Video Conversion: Using a Graphical User Interface vs Command Line

Over the past decades, video creation and distribution have become available to everyone. Moving from analog to digital recording devices has multiplied possible ways to create and distribute video. Whether you want to share your creativity and your creations on a physical medium (DVD) or via streaming, you should take a look at this chapter.

The chapter focuses on the compression/decompression file formats used by different cameras, video players, and editing software. A large variety of formats exist, some are current and still being used, others might have become obsolete, and you may never have even heard of them before. Most major media companies are members of the MPEG Consortium, so you might be familiar with the different versions of the MPEG format. But it is easy to be confused - MP3 is not version 3 of MPEG, for example, but a subchapter called "layer 3" of the "MPEG 1" standard.

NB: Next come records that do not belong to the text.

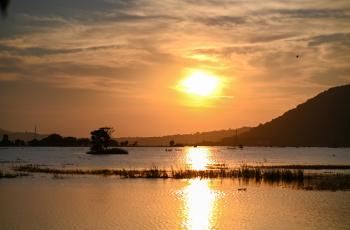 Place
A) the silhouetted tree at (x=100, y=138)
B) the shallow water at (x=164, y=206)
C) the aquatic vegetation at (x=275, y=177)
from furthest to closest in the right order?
the silhouetted tree at (x=100, y=138) → the aquatic vegetation at (x=275, y=177) → the shallow water at (x=164, y=206)

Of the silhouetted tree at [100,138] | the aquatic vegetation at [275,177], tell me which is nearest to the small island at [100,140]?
the silhouetted tree at [100,138]

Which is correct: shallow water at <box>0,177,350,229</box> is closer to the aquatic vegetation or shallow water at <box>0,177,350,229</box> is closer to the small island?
the aquatic vegetation

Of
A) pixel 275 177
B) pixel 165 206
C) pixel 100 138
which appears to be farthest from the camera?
pixel 100 138

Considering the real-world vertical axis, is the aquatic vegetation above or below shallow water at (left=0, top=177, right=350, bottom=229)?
above

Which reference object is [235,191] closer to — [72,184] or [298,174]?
[298,174]

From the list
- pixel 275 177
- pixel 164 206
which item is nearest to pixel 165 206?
pixel 164 206

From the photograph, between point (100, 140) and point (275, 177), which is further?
point (100, 140)

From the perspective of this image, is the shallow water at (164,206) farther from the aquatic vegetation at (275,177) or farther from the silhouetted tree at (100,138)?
the silhouetted tree at (100,138)

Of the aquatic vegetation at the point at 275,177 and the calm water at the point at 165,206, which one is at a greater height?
the aquatic vegetation at the point at 275,177

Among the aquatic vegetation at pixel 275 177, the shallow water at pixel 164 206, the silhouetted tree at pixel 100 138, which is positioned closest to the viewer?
the shallow water at pixel 164 206

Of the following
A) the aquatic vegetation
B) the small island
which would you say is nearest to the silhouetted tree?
the small island

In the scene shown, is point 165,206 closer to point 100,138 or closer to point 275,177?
point 275,177

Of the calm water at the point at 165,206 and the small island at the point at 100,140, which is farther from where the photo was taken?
the small island at the point at 100,140

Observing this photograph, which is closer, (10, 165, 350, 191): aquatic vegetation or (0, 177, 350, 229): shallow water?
(0, 177, 350, 229): shallow water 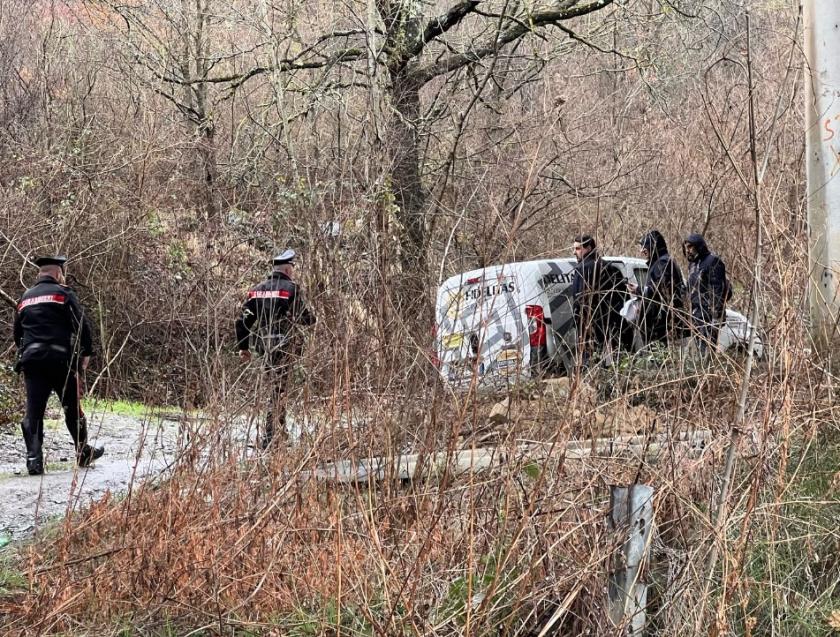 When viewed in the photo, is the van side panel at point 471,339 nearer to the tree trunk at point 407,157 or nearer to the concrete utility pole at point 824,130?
the concrete utility pole at point 824,130

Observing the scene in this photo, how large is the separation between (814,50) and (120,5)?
12748 millimetres

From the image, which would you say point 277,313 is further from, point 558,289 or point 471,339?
point 471,339

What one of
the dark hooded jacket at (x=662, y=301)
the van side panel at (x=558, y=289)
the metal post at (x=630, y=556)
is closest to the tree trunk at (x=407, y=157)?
the van side panel at (x=558, y=289)

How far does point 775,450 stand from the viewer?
13.8 feet

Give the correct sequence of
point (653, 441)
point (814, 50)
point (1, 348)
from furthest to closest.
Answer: point (1, 348), point (814, 50), point (653, 441)

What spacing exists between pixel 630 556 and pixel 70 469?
691cm

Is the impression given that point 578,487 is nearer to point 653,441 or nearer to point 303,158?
point 653,441

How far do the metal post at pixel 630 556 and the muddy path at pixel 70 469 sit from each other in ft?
6.75

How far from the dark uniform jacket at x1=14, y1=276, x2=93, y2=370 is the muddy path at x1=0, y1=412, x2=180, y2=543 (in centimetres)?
75

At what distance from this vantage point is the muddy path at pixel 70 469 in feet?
17.8

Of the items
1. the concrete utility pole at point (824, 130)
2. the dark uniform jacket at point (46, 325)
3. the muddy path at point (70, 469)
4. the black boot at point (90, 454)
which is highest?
the concrete utility pole at point (824, 130)

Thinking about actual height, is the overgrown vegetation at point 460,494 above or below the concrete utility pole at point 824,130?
below

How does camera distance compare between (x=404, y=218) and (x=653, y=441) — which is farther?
(x=404, y=218)

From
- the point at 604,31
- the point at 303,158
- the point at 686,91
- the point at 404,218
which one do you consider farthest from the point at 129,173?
the point at 686,91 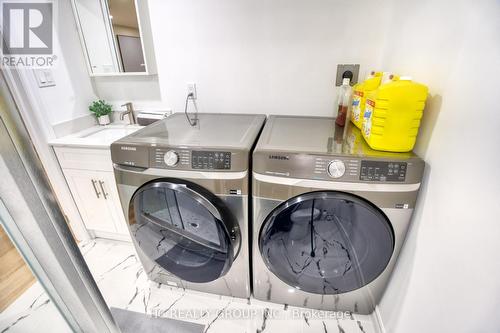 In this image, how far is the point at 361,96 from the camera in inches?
44.4

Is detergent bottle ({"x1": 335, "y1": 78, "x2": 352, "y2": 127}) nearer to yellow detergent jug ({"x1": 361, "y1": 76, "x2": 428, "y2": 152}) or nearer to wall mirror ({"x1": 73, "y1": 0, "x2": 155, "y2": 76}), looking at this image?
yellow detergent jug ({"x1": 361, "y1": 76, "x2": 428, "y2": 152})

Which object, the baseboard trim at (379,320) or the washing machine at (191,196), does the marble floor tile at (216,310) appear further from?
the washing machine at (191,196)

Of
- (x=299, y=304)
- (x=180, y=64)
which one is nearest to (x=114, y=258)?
(x=299, y=304)

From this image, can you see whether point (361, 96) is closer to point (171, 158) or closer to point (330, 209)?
point (330, 209)

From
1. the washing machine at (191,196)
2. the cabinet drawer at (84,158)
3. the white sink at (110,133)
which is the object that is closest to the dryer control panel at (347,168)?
the washing machine at (191,196)

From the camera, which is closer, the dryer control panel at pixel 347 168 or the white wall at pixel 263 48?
the dryer control panel at pixel 347 168

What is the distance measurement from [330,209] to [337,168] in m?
0.18

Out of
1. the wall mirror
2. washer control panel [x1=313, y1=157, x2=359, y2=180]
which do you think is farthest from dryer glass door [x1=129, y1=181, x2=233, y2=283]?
the wall mirror

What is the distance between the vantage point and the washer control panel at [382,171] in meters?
0.84

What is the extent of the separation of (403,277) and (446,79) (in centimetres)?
87

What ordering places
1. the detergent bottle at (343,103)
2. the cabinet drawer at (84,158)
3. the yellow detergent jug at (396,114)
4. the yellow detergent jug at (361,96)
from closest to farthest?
the yellow detergent jug at (396,114), the yellow detergent jug at (361,96), the detergent bottle at (343,103), the cabinet drawer at (84,158)

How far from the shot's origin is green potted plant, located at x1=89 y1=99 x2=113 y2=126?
1.87 metres

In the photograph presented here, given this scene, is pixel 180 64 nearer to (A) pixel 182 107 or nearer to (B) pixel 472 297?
(A) pixel 182 107

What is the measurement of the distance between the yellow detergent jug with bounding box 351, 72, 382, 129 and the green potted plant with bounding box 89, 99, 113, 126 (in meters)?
1.98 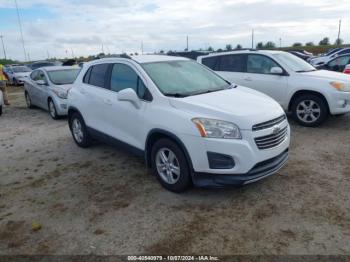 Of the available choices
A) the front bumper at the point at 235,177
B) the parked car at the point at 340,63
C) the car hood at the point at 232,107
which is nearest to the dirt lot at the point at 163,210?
the front bumper at the point at 235,177

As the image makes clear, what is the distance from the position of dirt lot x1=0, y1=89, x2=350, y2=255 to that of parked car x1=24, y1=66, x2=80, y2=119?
3487mm

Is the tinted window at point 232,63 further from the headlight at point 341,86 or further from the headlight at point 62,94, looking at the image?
the headlight at point 62,94

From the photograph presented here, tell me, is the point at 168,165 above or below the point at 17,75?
below

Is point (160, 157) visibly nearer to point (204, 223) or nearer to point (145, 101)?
point (145, 101)

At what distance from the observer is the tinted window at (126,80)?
14.5 ft

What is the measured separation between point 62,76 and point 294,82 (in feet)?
22.6

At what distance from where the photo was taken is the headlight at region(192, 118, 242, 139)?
3564 millimetres

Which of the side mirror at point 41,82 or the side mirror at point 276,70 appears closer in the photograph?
the side mirror at point 276,70

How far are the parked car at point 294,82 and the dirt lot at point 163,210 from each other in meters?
1.22

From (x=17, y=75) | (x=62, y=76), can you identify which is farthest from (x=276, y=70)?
(x=17, y=75)

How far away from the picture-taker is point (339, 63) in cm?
1127

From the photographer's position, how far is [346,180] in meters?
4.29

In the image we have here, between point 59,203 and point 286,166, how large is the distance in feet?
11.1

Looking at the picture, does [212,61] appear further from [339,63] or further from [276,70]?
[339,63] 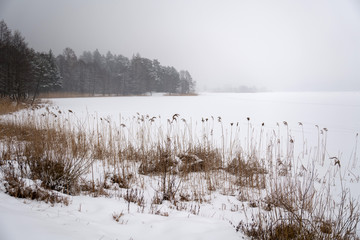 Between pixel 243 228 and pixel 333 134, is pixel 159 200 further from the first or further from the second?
pixel 333 134

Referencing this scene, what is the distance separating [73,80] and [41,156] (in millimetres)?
51377

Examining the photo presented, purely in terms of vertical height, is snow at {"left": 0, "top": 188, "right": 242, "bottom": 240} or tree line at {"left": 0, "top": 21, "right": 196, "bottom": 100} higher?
tree line at {"left": 0, "top": 21, "right": 196, "bottom": 100}

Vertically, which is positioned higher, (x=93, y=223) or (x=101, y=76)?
(x=101, y=76)

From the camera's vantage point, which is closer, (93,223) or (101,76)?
(93,223)

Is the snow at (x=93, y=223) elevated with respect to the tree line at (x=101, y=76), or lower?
lower

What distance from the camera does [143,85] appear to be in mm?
51875

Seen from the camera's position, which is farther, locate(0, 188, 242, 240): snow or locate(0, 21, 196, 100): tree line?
locate(0, 21, 196, 100): tree line

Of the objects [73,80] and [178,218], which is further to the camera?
[73,80]

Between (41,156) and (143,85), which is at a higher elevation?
(143,85)

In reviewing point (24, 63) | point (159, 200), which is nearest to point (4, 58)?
point (24, 63)

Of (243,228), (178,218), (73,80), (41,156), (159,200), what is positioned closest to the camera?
(243,228)

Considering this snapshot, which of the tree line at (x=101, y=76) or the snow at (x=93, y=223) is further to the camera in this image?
the tree line at (x=101, y=76)

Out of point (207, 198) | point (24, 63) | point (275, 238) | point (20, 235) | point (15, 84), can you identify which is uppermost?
point (24, 63)

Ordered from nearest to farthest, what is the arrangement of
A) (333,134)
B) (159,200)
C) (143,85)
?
1. (159,200)
2. (333,134)
3. (143,85) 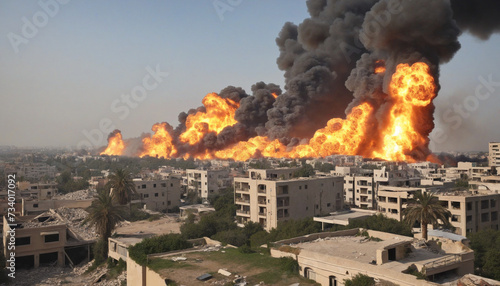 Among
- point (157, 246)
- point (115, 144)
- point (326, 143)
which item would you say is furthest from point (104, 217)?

We compare and contrast two tools. One is called VLC, an open-source cross-platform multimedia player and framework, which can also stream audio and video in a number of formats. The second is FFmpeg, an open source cross-platform solution to record, convert and stream audio and video. While VLC has a graphical user interface (GUI), FFmpeg uses a command-line interface, i.e. a text-base interface where the users enters commands. As a developer, you are already familiar with text-based interfaces and can draw on this experience as you work with open video. If you have never used a command-line interface, this is your chance to try it out and find out more about the code work underlying file compression.